Referring to FIG. 5, in the embodiment, the power supply circuit may further include a charging-mode switch circuit 120 and a trigger circuit 130 that are both controlled by the control circuit 140. The control circuit 140 controls the charging-mode switch circuit 120 to be turned on or turned off. The control circuit 140 adjusts the voltage output by the output terminal of the trigger circuit 130. The charging-mode switch circuit 120 is connected in series between the controlled end of the first switch tube V1 and a ground terminal. An output terminal of the trigger circuit 130 is connected to the controlled end of the first switch tube V1. When the charging-mode switch circuit 120 is disconnected, the output terminal of the trigger circuit 130 outputs voltage to the controlled end of the first switch tube V1 to trigger the first switch tube V1 to be turned on, such that the power supply 300 charges the battery 200. When the charging-mode switch circuit 120 is connected, a ground voltage transmitted by the switch circuit to the controlled end of the first switch tube V1 triggers the first switch tube V1 to be turned off, such that the power supply 300 stops charging the battery 200.
In the embodiments, the charging-mode switch circuit 120 cooperates with the trigger circuit 130. The charging-mode switch circuit 120 may disconnect the path between the controlled end of the first switch tube V1 and the ground, such that the first switch tube V1 can receive the voltage output from the output terminal of the trigger circuit 130, further triggering the first switch tube V1 to be turned on to start the charging mode. Similarly, the charging-mode switch circuit 120 may turn on the path between the controlled end of the first switch tube V1 and the ground, and ground the controlled end of the first switch tube V1 to cause the shutdown to start the charging stop mode.
Referring to FIG. 6, specifically, the control circuit 140 may include a switch control terminal Fast_switch, and the charging-mode switch circuit 120 may include a switch MOS tube and a first diode D1. The MOS tube may be an NMOS tube. A gate of the switch MOS tube is connected to the switch control terminal Fast switch of the control circuit 140, a source of the switch MOS tube is connected to an anode of the first diode D1, a cathode of the first diode D1 is grounded, and a drain of the switch MOS tube is connected to the gate of the first switch tube V1. It should be understood that the switch MMOS tube may also be replaced by a triode.
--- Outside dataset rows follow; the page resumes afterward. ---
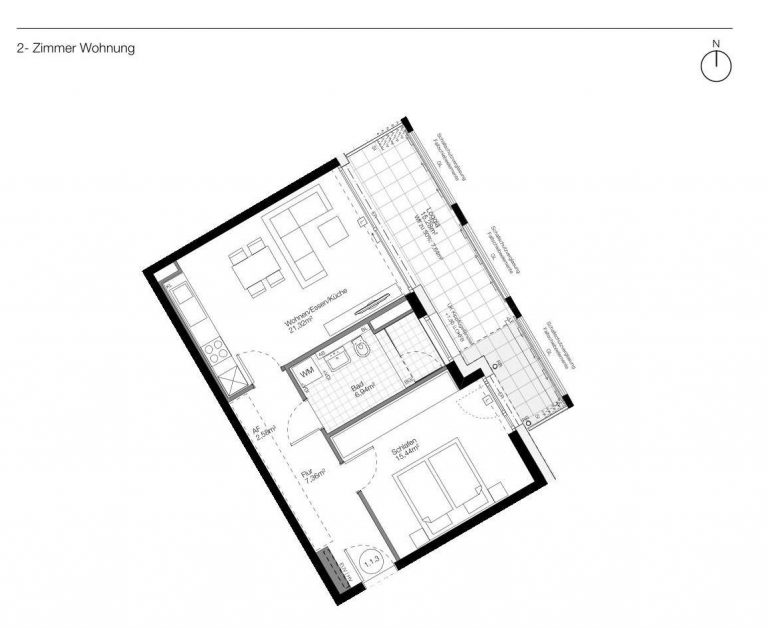 WE 1. OG Patio Pasing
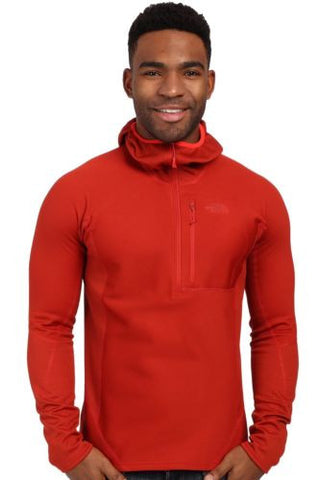 Men's The North Face Fuseform Dolomiti 1/4 Zip Hoodie Size Medium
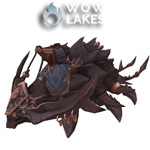 Reins of the Obsidian Krolusk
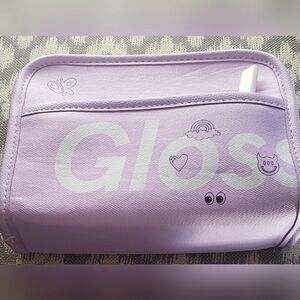 Glossier Rodrigo Makeup bag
The control circuit 140 may further include a trigger terminal CLK_OUT. The trigger terminal CLK_OUT may be controlled to send out an alternation current (AC) signal. The AC signal may be a sine wave or a square wave. The trigger circuit 130 may include a second resistor R2, a third resistor R3, a boost capacitor C1, a second capacitor C2, a third capacitor C3, a second diode D2 and a third diode D3 for anti-backflow effects. A first end of the second resistor R2 is connected to the gate of the first switch tube V1, and a second end of the second resistor R2 is interconnected with a first end of the third resistor R3 and a first end of the boost capacitor C1 through the second diode D2. A second end of the third resistor R3 is connected to the power supply 300, and a second end of the boost capacitor C1 is connected to the trigger terminal CLK_OUT of the control circuit 140. A cathode of the second diode D2 is connected to the second end of the second resistor R2, and a cathode of the third diode D3 is interconnected with an anode of the second diode D2 and the first end of the boost capacitor C1. A first end of the third resistor R3 is grounded through the third capacitor C3 to reduce the voltage ripple of the first end of the third resistor R3. The cathode of the second diode D2 is grounded through the second capacitor C3 to reduce the voltage ripple at the cathode of the second diode D2.
Based on the above circuit structure, it is taken as an example that the first switch tube V1 and the second switch tube V2 are both NMOS tubes. When the output of the switch control terminal Fast_switch is high, the switch MOS tube is turned on such that the gate of the first switch tube V1 is grounded. At this time, both the first switch tube V1 and the second switch tube V2 are turned off to stop the charging of the to-be-charged battery 200. When the output of the switch control terminal Fast_switch is low, the switch MOS tube is turned off such that the gate voltage of the first switch transistor V1 is controlled by the output terminal of the trigger circuit 130. At this time, the trigger terminal CLK_OUT of the control circuit 140 outputs an AC signal to the boost capacitor C 1, such that the boost capacitor C 1 has a voltage, which is superimposed with the voltage of the power supply 300 and is input to the gate of the first switch tube V1 and the gate of the second switch tube V2. Because the source voltage of the second switch tube V2 is the voltage of the power supply 300, the gate voltage of the second switch tube V2 is greater than the source voltage, and the second switch tube V2 is turned on. The voltage of the to-be-charged battery 200 is generally less than the voltage of the power supply 300, therefore, the first switch tube V1 will also be turned on. At this time, the power supply 300 starts to charge the to-be-charged battery 200.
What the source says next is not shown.